Task directions: Go through the listing below and write out exactly the lines from the one that mentions "2018 FORD ESCAPE S VIN: 1FMCU0F77JUA91134" through the one that mentions "Audi Q7 2017 S LINE", minus the pictures.

Provided records:

----------

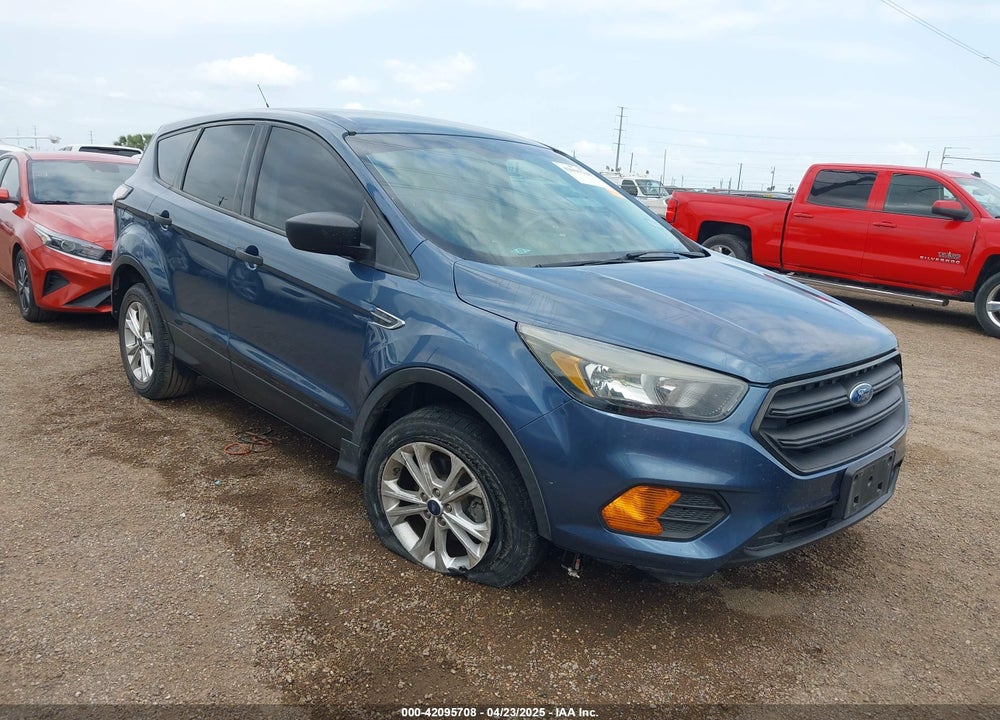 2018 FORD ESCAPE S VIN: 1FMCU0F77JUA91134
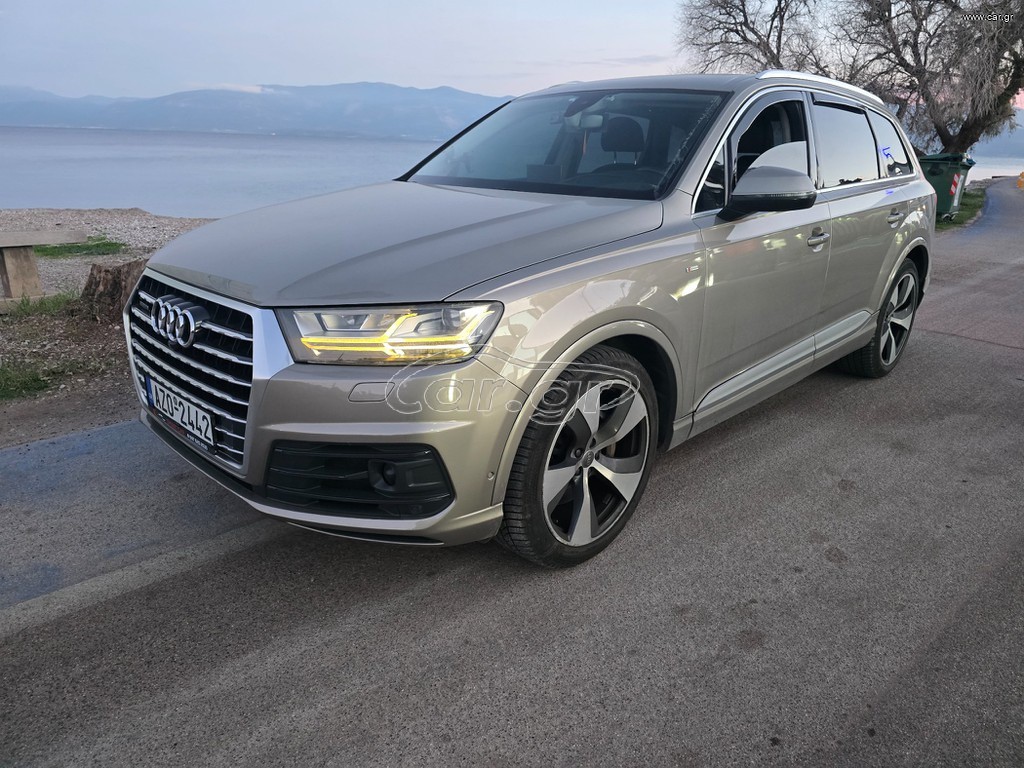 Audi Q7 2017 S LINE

----------

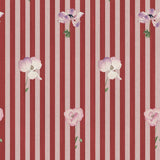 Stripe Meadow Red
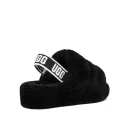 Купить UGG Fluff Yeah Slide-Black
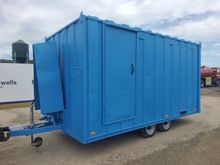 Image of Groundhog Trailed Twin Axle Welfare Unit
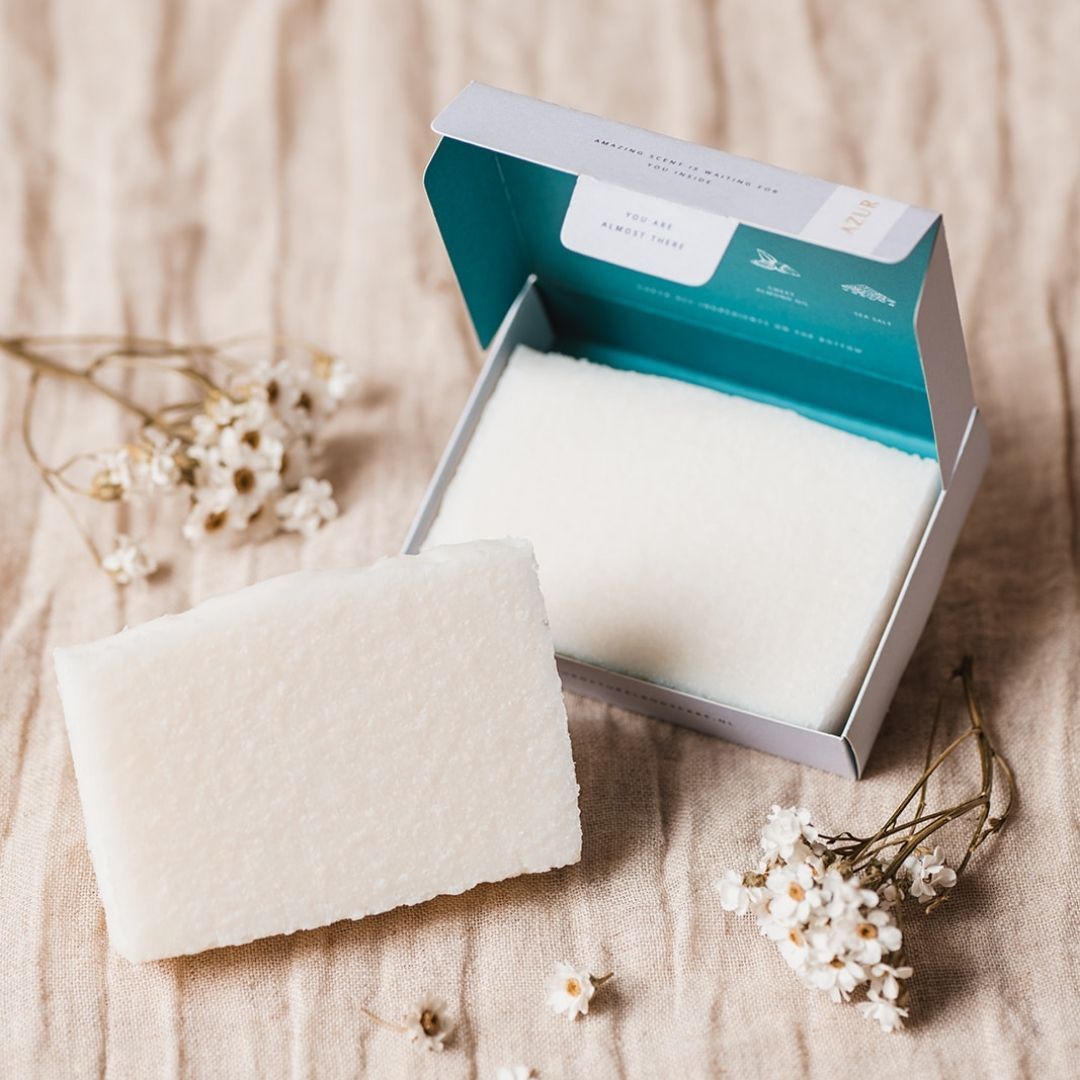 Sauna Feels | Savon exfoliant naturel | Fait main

----------

Response:
 2018 FORD ESCAPE S VIN: 1FMCU0F77JUA91134
 Audi Q7 2017 S LINE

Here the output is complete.